If you decide to play with the source for the beach demo be aware the first thing you'll want to do is edit the beachdemo.js file, search for V8,
// Comment out the line below to run the sample in the browser JavaScript
// engine. This may be helpful for debugging.
and comment out that 3rd line. This will enable you to use your browser's debugger to inspect and manipulate variables. Now run the demo. You can now enter your browser's debugger and from the debugger's console start looking at and setting the various elements. Set "g_timeMult" to 0.1 to see it run at 1/10th speed or inspect "g_re" to see some render stats. You can also copy and paste this code:
numParticles: 40,
lifeTime: 2,
timeRange: 2,
startSize: 50,
endSize: 90,
positionRange: [10, 10, 10],
velocity: [0, 0, 60], velocityRange: [15, 15, 15],
acceleration: [0, 0, -20],
spinSpeedRange: 4}
You may want to try changing some of the numbers to see the torches change in real time. Change the 60 in velocity to 600 and the start size to 500 to see some giant torches.

As you can see, working on a graphic application in such an environment definitely has some advantages. Take the beach demo and hack it up! Make better water effects or maybe even turn it into a game. If you have any more questions, be sure to check our session at Google I/O or our discussion groups .

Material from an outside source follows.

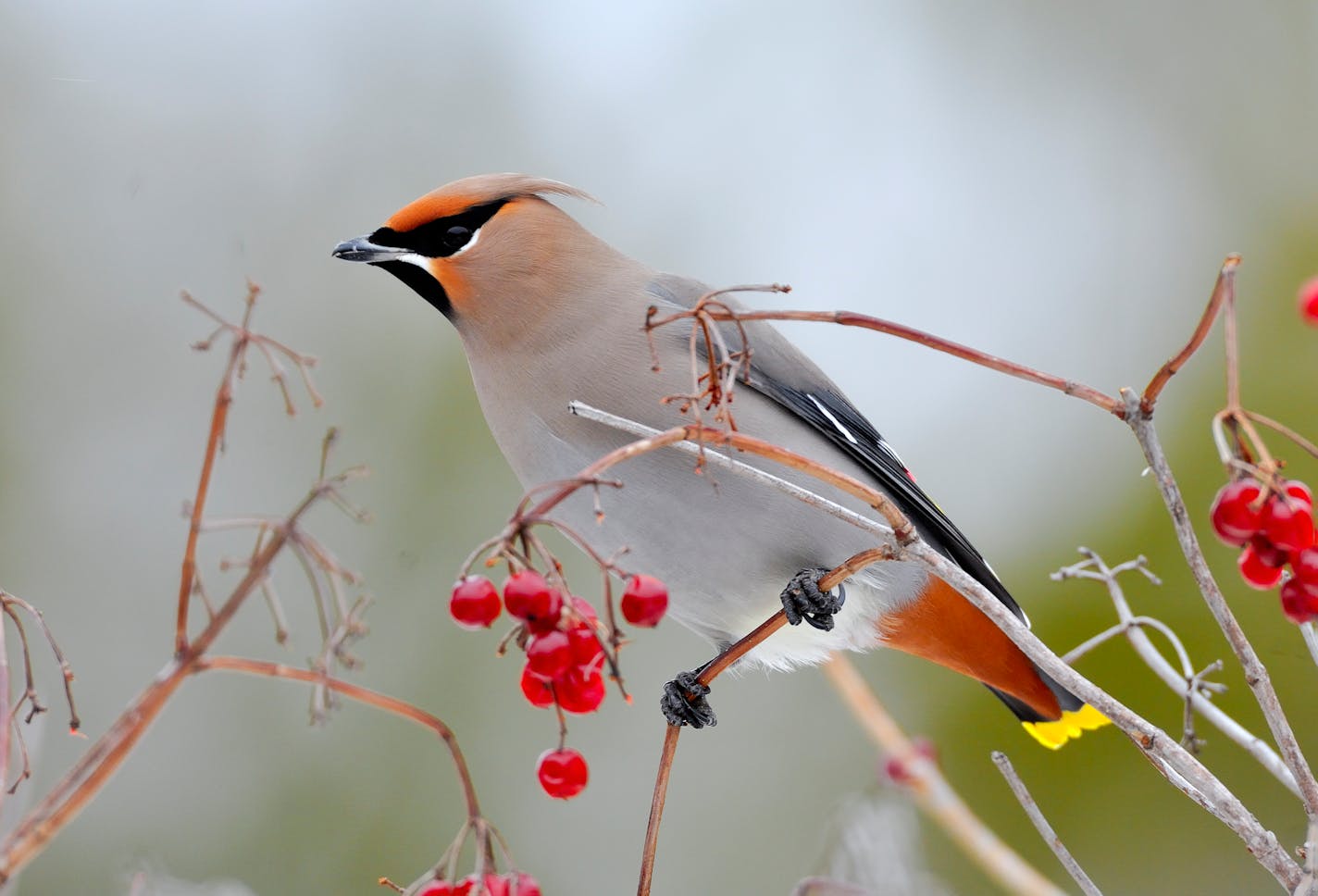 00110-009.04 Bohemian Waxwing (DIGITAL) pauses while feeding on high bush cranberries. Color, red, habitat. H5L1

Posted by Gregg Tavares, software engineer, O3D Team.

3 comments: said...

Hi Gregg, could you elaborate about the models vs. instances optimization? When you say 70 instances of palm tree became one model of 70 palm trees, are they not instances within the model? I.e. is it not more effecient all round to have instances than duplicate geometry, and in which case what difference does the model "wrapper" make?

Patapom said...

I suppose he meant that they collapsed all the 70 instances into a single mesh...

Gregg Tavares said...

wow, Sorry I didn't notice this comment.

There are 2 kinds of efficiency. Efficiency of Speed and Efficiency of Memory.

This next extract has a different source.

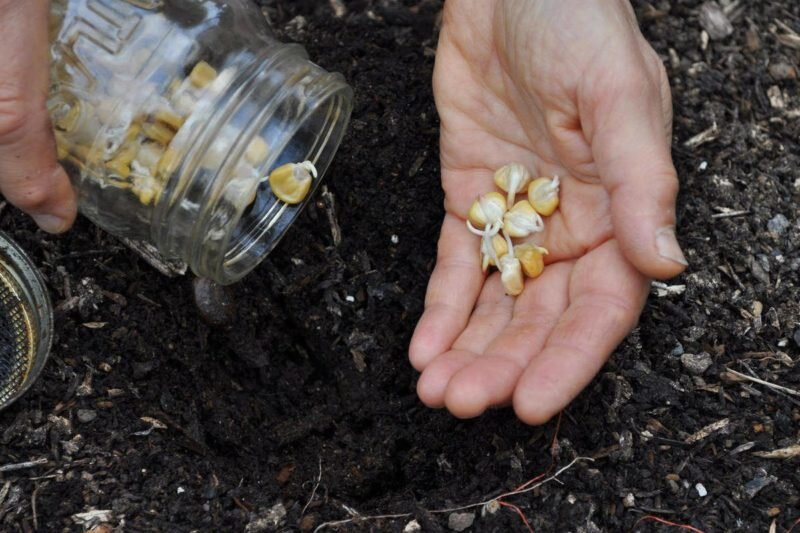 Семена кукурузы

Having 1 tree model displayed 70 times is an efficiency of memory. Only 1 tree and 70 positions needs to be downloaded but it is slow because the GPU has to be told 70 times, draw a tree, draw a tree, draw a tree. Each "draw" call is slow.

Having 1 models of 70 trees as an efficiency of speed. There is 1 model of 70 trees. This takes more memory but it means only asking the GPU to draw 1 thing. "draw model of trees" which is much faster.